A “recreational purpose,” as used in this section, includes such activities as fishing, hunting, camping, water sports, hiking, spelunking, sport parachuting, riding, including animal riding, snowmobiling, and all other types of vehicular riding, rock collecting, sightseeing, picnicking, nature study, nature contacting, recreational gardening, gleaning, hang gliding, winter sports, and viewing or enjoying historical, archaeological, scenic, natural, or scientific sites.
An owner of any estate or any other interest in real property, whether possessory or nonpossessory, who gives permission to another for entry or use for the above purpose upon the premises does not thereby (a) extend any assurance that the premises are safe for such purpose, or (b) constitute the person to whom permission has been granted the legal status of an invitee or licensee to whom a duty of care is owed, or (c) assume responsibility for or incur liability for any injury to person or property caused by any act of such person to whom permission has been granted except as provided in this section.
This section does not limit the liability which otherwise exists (a) for willful or malicious failure to guard or warn against a dangerous condition, use, structure or activity; or (b) for injury suffered in any case where permission to enter for the above purpose was granted for a consideration other than the consideration, if any, paid to said landowner by the state, or where consideration has been received from others for the same purpose; or (c) to any persons who are expressly invited rather than merely permitted to come upon the premises by the landowner.
Nothing in this section creates a duty of care or ground of liability for injury to person or property.
831.7. (a) Neither a public entity nor a public employee is liable to any person who participates in a hazardous recreational activity, including any person who assists the participant, or to any spectator who knew or reasonably should have known that the hazardous recreational activity created a substantial risk of injury to himself or herself and was voluntarily in the place of risk, or having the ability to do so failed to leave, for any damage or injury to property or persons arising out of that hazardous recreational activity.

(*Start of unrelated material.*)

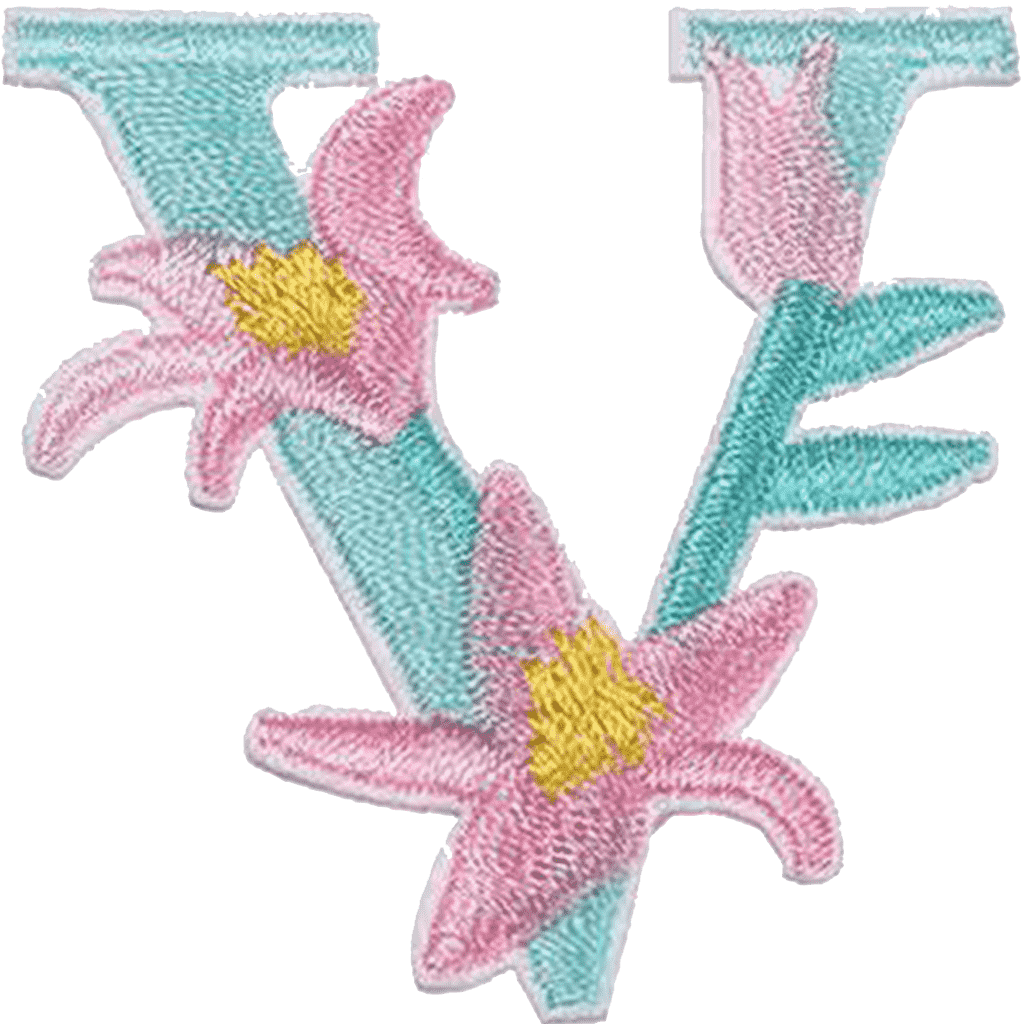 Floral Alphabet Embroidery Patches A–Z – Iron-On Sew-On Letter Appliques for Clothes, Bags & Crafts by Moreloveu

(b) As used in this section, “hazardous recreational activity” means a recreational activity conducted on property of a public entity which creates a substantial (as distinguished from a minor, trivial, or insignificant) risk of injury to a participant or a spectator.
“Hazardous recreational activity” also means:
|(1)||Water contact activities, except diving, in places where or at a time when lifeguards are not provided and reasonable warning thereof has been given or the injured party should reasonably have known that there was no lifeguard provided at the time.|
|(2)||Any form of diving into water from other than a diving board or diving platform, or at any place or from any structure where diving is prohibited and reasonable warning thereof has been given.|
|(3)||Animal riding, including equestrian competition, archery, bicycle racing or jumping, mountain bicycling, boating, cross-country and downhill skiing, hang gliding, kayaking, motorized vehicle racing, off-road motorcycling or four-wheel driving of any kind, orienteering, pistol and rifle shooting, rock climbing, rocketeering, rodeo, spelunking, sky diving, sport parachuting, paragliding, body contact sports (i.e., sports in which it is reasonably foreseeable that there will be rough bodily contact with one or more participants), surfing, trampolining, tree climbing, tree rope swinging, waterskiing, white water rafting, and windsurfing. For the purposes of this subdivision, “mountain bicycling” does not include riding a bicycle on paved pathways, roadways, or sidewalks.|
(c) Notwithstanding the provisions of subdivision (a), this section does not limit liability which would otherwise exist for any of the following:
|(1)||Failure of the public entity or employee to guard or warn of a known dangerous condition or of another hazardous recreational activity known to the public entity or employee that is not reasonably assumed by the participant as inherently a part of the hazardous recreational activity out of which the damage or injury arose.|
|(2)||Damage or injury suffered in any case where permission to participate in the hazardous recreational activity was granted for a specific fee. For the purpose of this paragraph, a “specific fee” does not include a fee or consideration charged for a general purpose such as a general park admission charge, a vehicle entry or parking fee, or an administrative or group use application or permit fee, as distinguished from a specific fee charged for participation in the specific hazardous recreational activity out of which the damage or injury arose.|
|(3)||Injury suffered to the extent proximately caused by the negligent failure of the public entity or public employee to properly construct or maintain in good repair any structure, recreational equipment or machinery, or substantial work of improvement utilized in the hazardous recreational activity out of which the damage or injury arose.|
|(4)||Damage or injury suffered in any case where the public entity or employee recklessly or with gross negligence promoted the participation in or observance of a hazardous recreational activity. For purposes of this paragraph, promotional literature or a public announcement or advertisement which merely describes the available facilities and services on the property does not in itself constitute a reckless or grossly negligent promotion.|
|(5)||An act of gross negligence by a public entity or a public employee which is the proximate cause of the injury. Nothing in this subdivision creates a duty of care or basis of liability for personal injury or for damage to personal property.|
(d) Nothing in this section shall limit the liability of an independent concessionaire, or any person or organization other than the public entity, whether or not the person or organization has a contractual relationship with the public entity to use the public property, for injuries or damages suffered in any case as a result of the operation of a hazardous recreational activity on public property by the concessionaire, person, or organization.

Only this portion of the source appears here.